- Dataset records
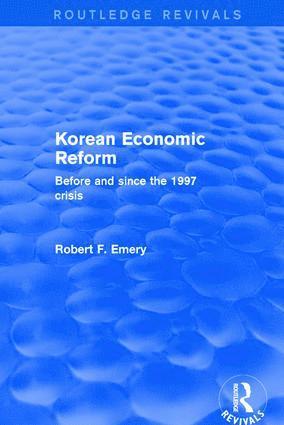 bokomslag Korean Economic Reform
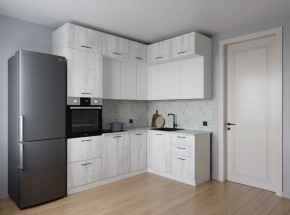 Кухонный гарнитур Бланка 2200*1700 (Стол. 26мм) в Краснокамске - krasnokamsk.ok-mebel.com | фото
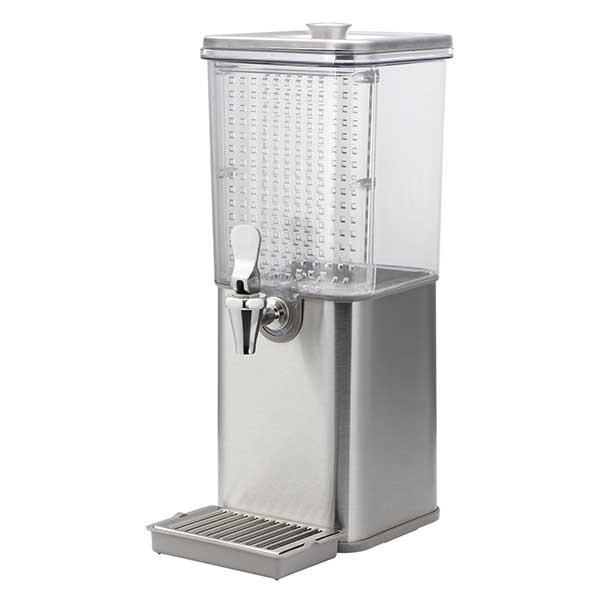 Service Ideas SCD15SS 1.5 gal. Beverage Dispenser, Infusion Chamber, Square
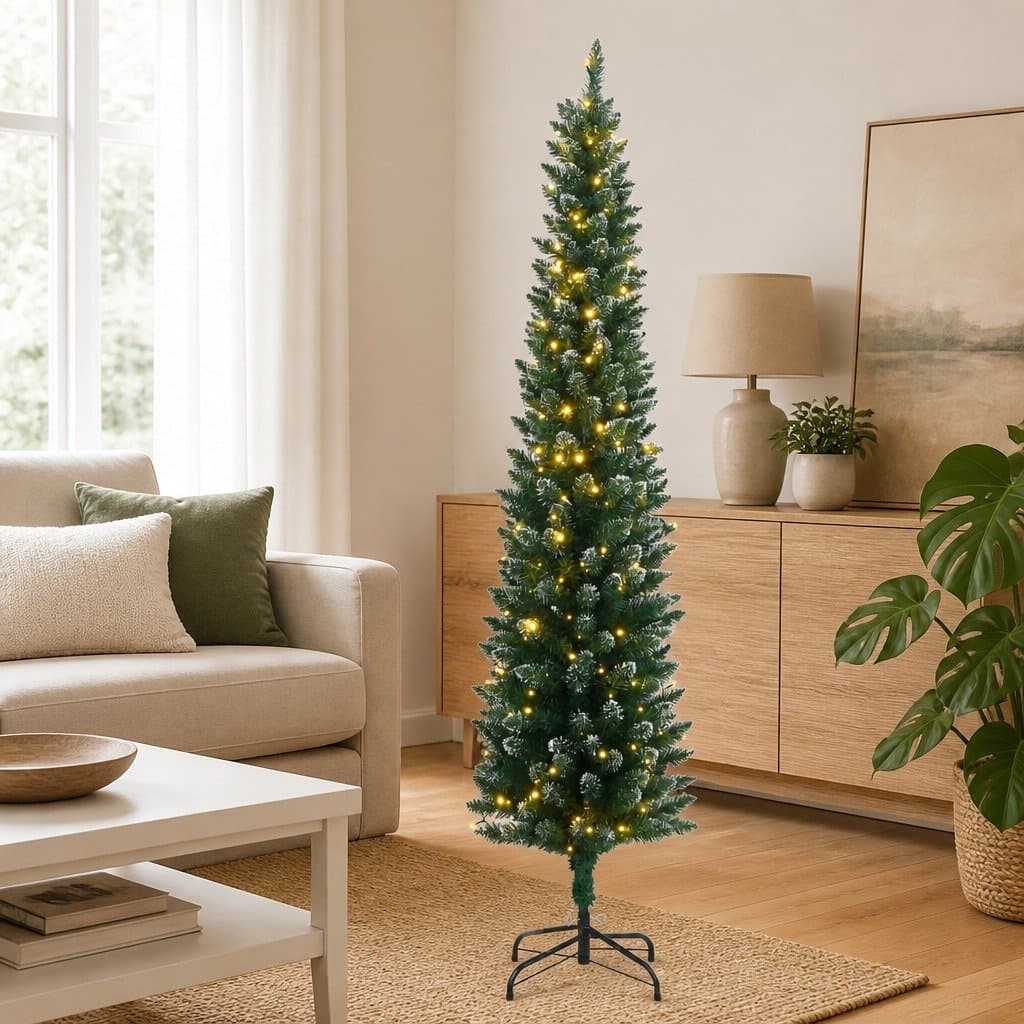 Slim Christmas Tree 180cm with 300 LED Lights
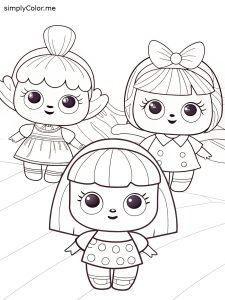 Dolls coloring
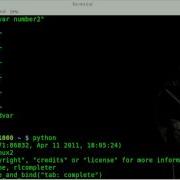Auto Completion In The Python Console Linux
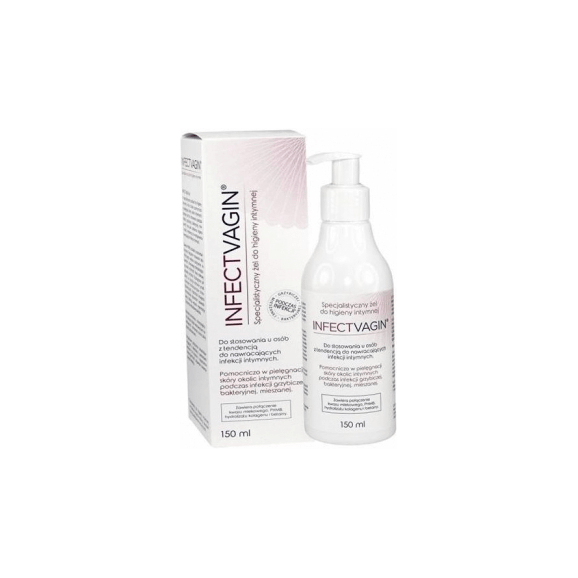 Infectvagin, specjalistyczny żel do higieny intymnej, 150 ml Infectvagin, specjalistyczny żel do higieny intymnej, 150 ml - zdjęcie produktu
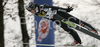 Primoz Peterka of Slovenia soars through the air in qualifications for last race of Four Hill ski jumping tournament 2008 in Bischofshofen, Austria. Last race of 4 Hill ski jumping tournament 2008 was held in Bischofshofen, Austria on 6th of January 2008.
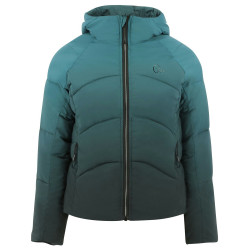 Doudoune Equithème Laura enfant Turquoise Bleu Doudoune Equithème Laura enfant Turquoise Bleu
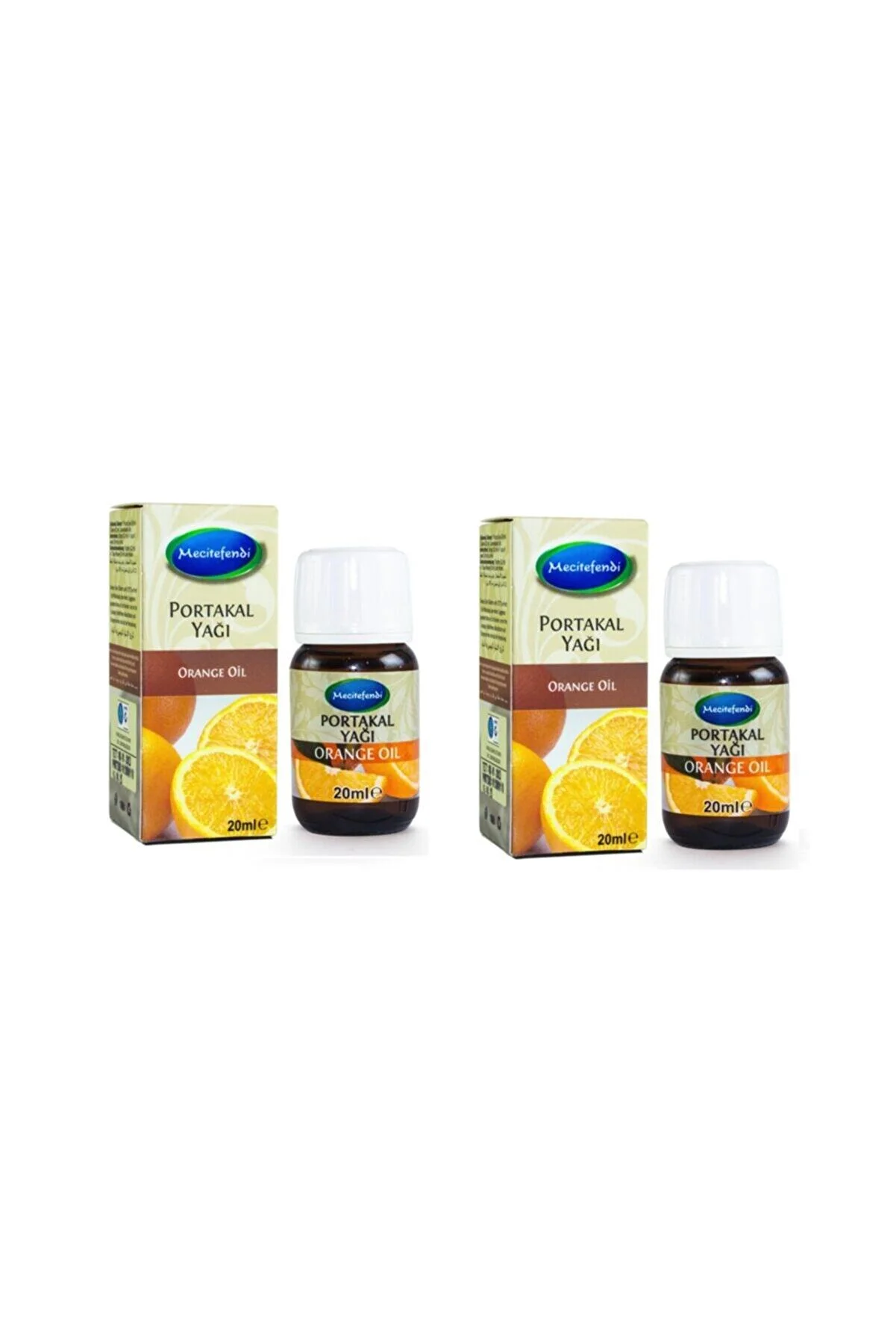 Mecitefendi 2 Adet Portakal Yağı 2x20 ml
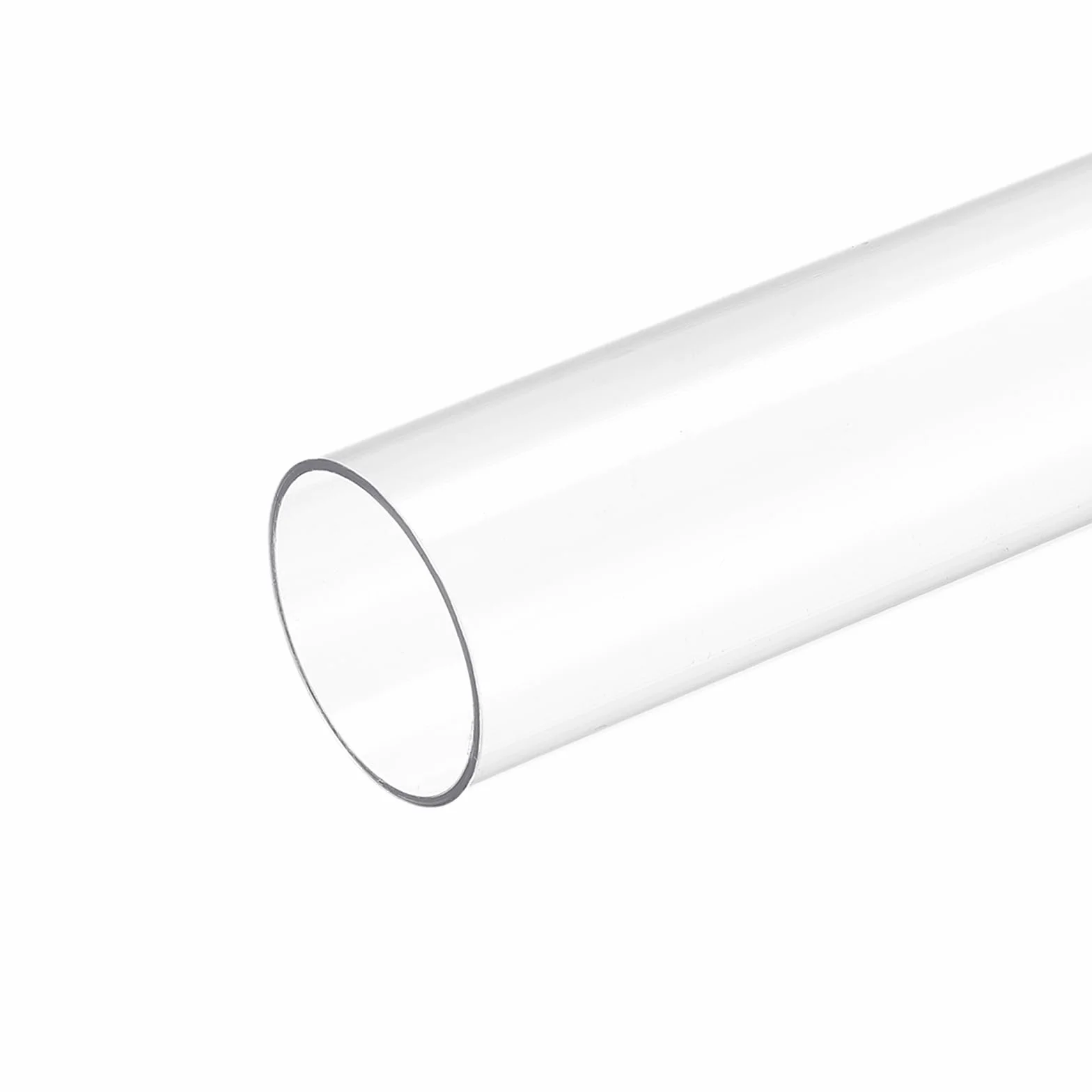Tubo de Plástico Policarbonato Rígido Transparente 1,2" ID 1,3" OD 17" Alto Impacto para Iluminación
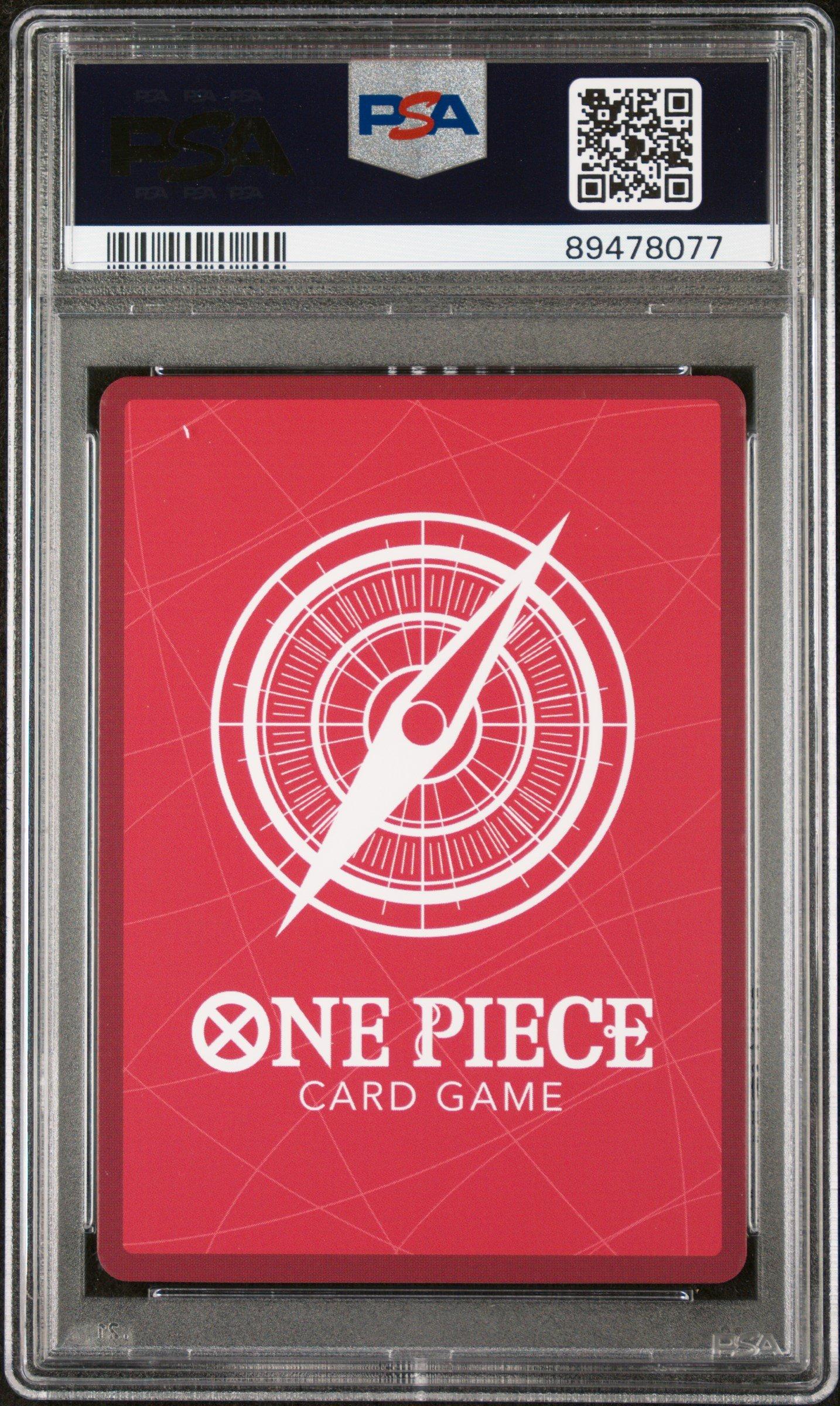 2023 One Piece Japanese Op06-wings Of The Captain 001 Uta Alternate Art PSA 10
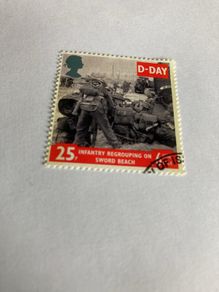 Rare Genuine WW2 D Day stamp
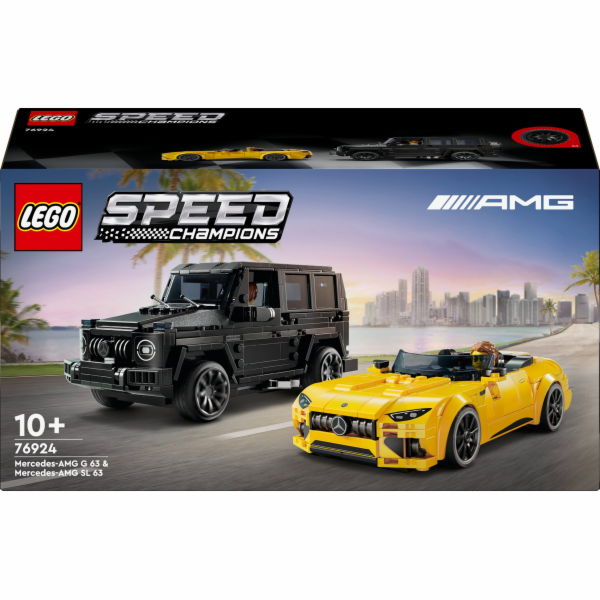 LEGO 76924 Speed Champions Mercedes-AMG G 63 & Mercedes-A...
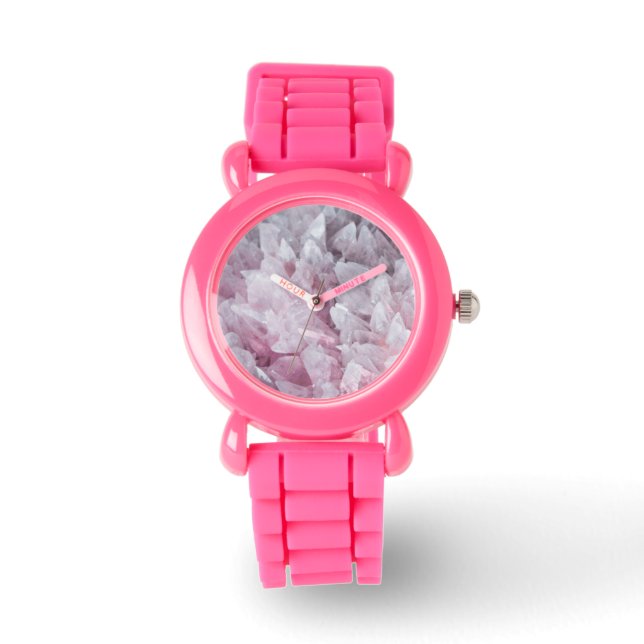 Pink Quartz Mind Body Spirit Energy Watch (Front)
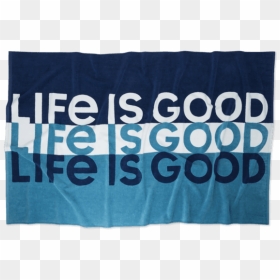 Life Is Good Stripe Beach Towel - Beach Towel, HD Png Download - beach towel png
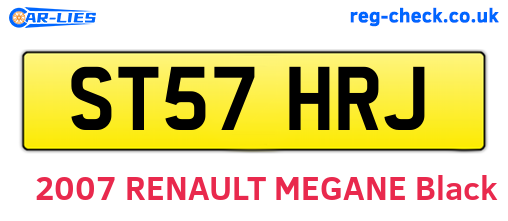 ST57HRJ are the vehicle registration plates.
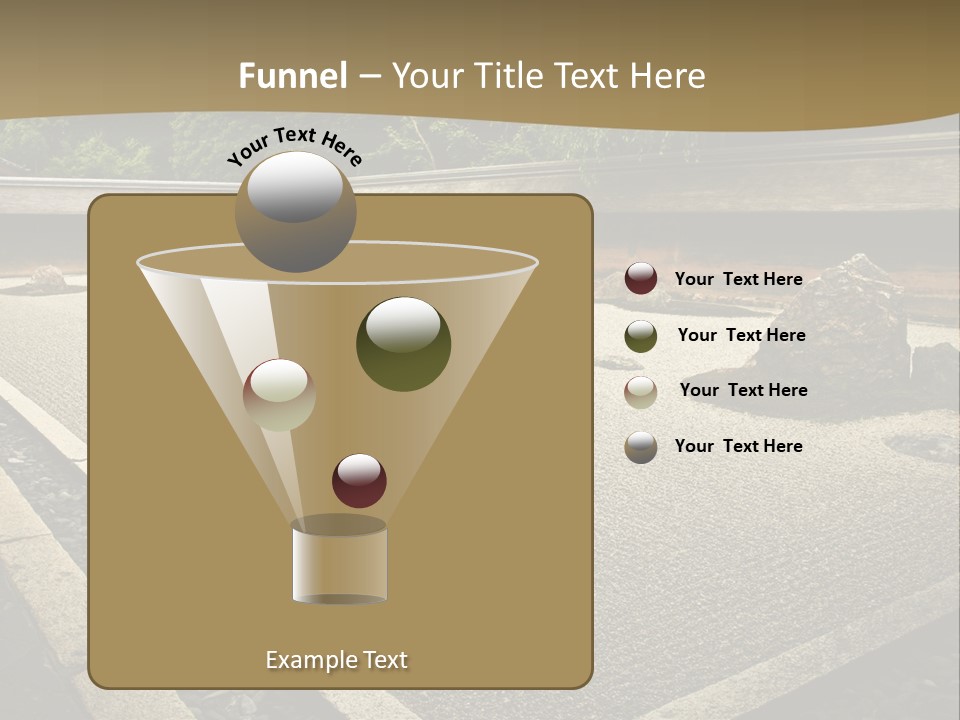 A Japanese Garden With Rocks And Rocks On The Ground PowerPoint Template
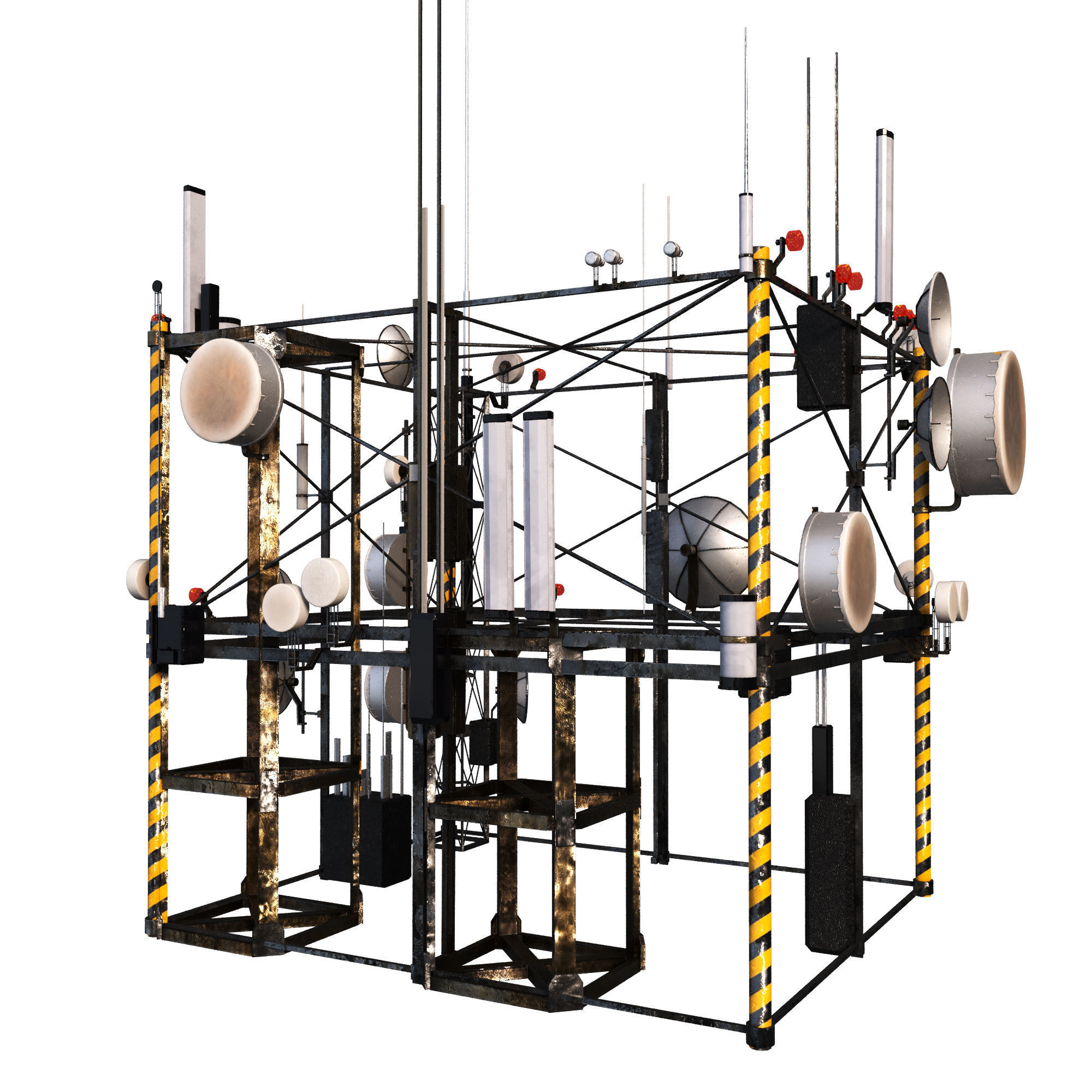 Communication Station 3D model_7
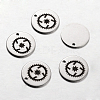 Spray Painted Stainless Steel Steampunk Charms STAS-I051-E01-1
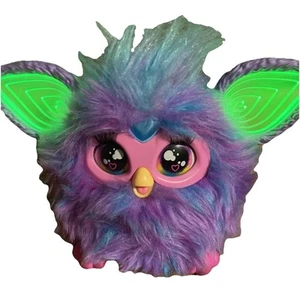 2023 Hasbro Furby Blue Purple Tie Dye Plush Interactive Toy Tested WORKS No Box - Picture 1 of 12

- Task brief
Using the records above, reproduce exactly the lines from the line containing "Spray Painted Stainless" through the last line, with both ends kept and no pictures.

- Answer to this exercise
 Spray Painted Stainless Steel Steampunk Charms STAS-I051-E01-1
 2023 Hasbro Furby Blue Purple Tie Dye Plush Interactive Toy Tested WORKS No Box - Picture 1 of 12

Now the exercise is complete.